## [What to work on]
With pictures omitted, the line containing "Kingship by Kahlon Hotels in Ghuswal Kalan" and all later lines of the records below are to be restated word for word.

--- --- ---

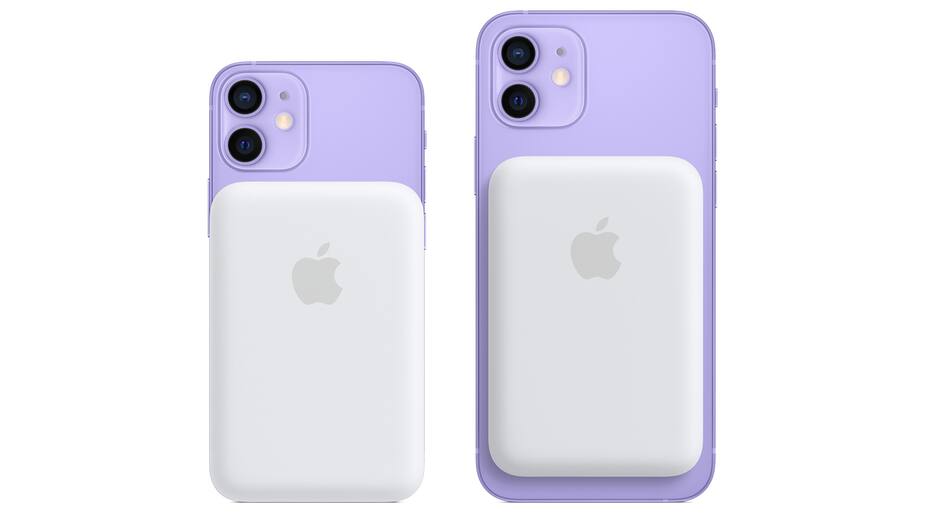 Image principale de l'article Une batterie externe magnétique pour l’iPhone 12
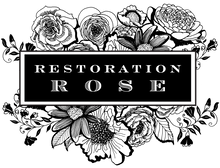 Restoration Rose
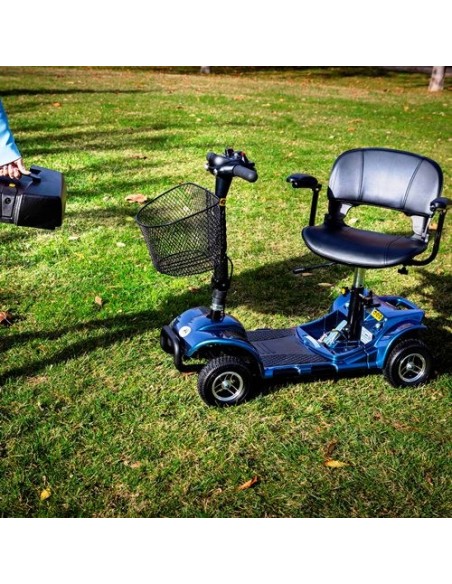 Alquilar SCOOTER ELÉCTRICO DESMONTABLE LITIUM a precios de oferta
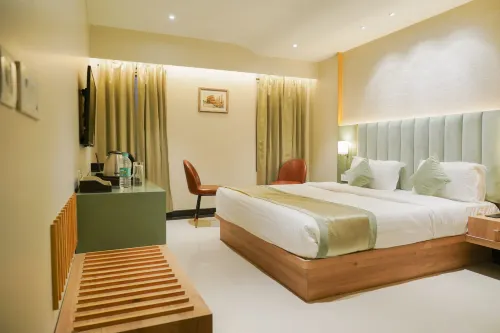 Kingship by Kahlon Hotels in Ghuswal Kalan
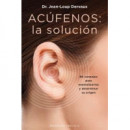 Ac�fenos: la soluci�n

--- --- ---

## [Reply to the task]
 Kingship by Kahlon Hotels in Ghuswal Kalan
 Ac�fenos: la soluci�n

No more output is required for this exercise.